Uit de aanwijzing van het Openbaar Ministerie over het uitstelbeleid volgt dat uitstel slechts in uitzonderijke omstandigheden kan worden verleend. In de schriftelijke verklaring van de reclasseringsmedewerker van 8 juni 2016 is vermeld dat er in het
kader van een ondertoezichtstelling, die is gestart op 25 februari 2015, al problemen waren als gevolg van harddrugsgebruik. Tijdens de zitting van de rechtbank
’s-Hertogenbosch eind november 2015 onderging klager al ruim negen maanden een behandeling. Klagers raadsvrouw heeft de mogelijkheid gehad dit tijdens of voor de zitting te melden. Niet is gebleken waarom dit niet is ingebracht. Klager en zijn
raadsvrouw hebben geen rechtsmiddel ingesteld tegen het onderhavige vonnis. De officier van justitie heeft verklaard dat de rechtbank ’s-Hertogenbosch op de hoogte was van de behandeling van klager en dat de rechtbank hiermee ook rekening heeft
gehouden.
4. De beoordeling
4.1. De beroepscommissie stelt vast dat de rechtbank ‘s-Hertogenbosch klager bij
uitspraak van 30 november 2015 onherroepelijk tot een gevangenisstraf van veertien dagen heeft veroordeeld.
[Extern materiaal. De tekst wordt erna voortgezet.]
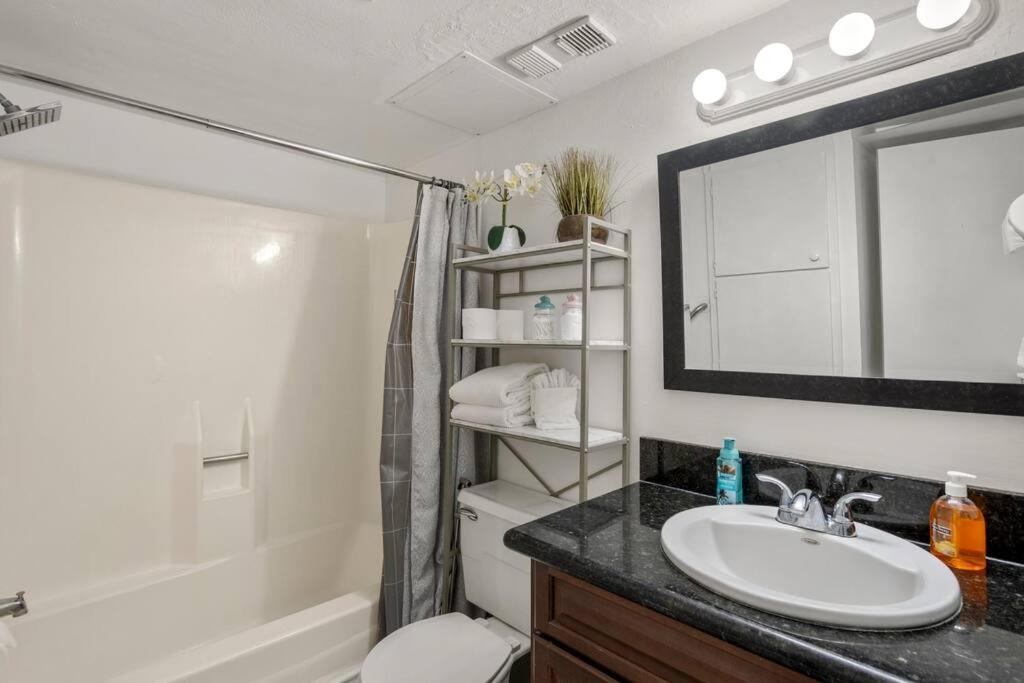 Bello Condominio Con Vista Al Mar, Jacuzzi Interno Galveston Exterior foto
Dit brengt mee dat klager deze gevangenisstraf dient te
ondergaan, tenzij zwaarwichtige redenen zich daartegen verzetten. Uit de stukken maakt de beroepscommissie op dat een psychiater van [...] begin 2016, derhalve na voormelde uitspraak van de rechtbank, heeft onderkend dat klager PTSS heeft, en dat hij in
verband daarmee thans een hulpverleningstraject ondergaat. Niet gebleken is echter dat hij de opgelegde detentie niet zou kunnen ondergaan. De mededeling van een reclasseringsmedewerker dat het hulpverleningstraject zal worden verstoord als klager de
gevangenisstraf van veertien dagen thans moet ondergaan, is niet door deskundige rapportage onderbouwd.
4.2. Gezien het vorenstaande kan de op de onder 3.2 genoemde gronden genomen
beslissing van de selectiefunctionaris bij afweging van alle in aanmerking komende belangen niet als onredelijk of onbillijk worden aangemerkt. Klagers beroep is
derhalve ongegrond. Dit betekent dat klager een nieuwe oproep zal krijgen om zich te melden in de gevangenis van de p.i. Vught.
5. De uitspraak
De beroepscommissie verklaart het beroep ongegrond.
Aldus gegeven door de beroepscommissie voornoemd, bestaande uit
mr. W.F. Korthals Altes, voorzitter, mr. A.T. Bol en mr. M.A.G. Rutten, leden, in
tegenwoordigheid van mr. R. Boerhof, secretaris, op 20 juni 2016.